- [Directions for this task] Only one stretch of the data below should be repeated: the lines from the line containing "Mixed race girl smiling by lake" through the line containing "Photo cup of", inclusive, exactly as they are.

- [Data extract]
•••
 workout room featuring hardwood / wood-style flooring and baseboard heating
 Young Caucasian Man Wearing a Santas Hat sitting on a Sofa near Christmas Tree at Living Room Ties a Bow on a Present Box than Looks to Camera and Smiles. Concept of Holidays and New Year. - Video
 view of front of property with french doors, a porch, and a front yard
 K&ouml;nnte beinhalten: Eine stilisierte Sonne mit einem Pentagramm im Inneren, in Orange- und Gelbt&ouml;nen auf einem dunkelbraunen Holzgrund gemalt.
•••
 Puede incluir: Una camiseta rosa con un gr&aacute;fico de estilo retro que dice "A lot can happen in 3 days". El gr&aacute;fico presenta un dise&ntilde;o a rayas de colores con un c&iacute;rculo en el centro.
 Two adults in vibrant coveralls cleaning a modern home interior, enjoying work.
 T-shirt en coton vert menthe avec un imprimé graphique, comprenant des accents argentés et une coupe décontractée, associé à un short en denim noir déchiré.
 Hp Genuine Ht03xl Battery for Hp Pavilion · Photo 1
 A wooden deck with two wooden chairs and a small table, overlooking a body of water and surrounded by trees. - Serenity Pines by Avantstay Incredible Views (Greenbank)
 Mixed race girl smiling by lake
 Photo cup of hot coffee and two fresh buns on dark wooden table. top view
•••
- [Response area]
 Mixed race girl smiling by lake
 Photo cup of hot coffee and two fresh buns on dark wooden table. top view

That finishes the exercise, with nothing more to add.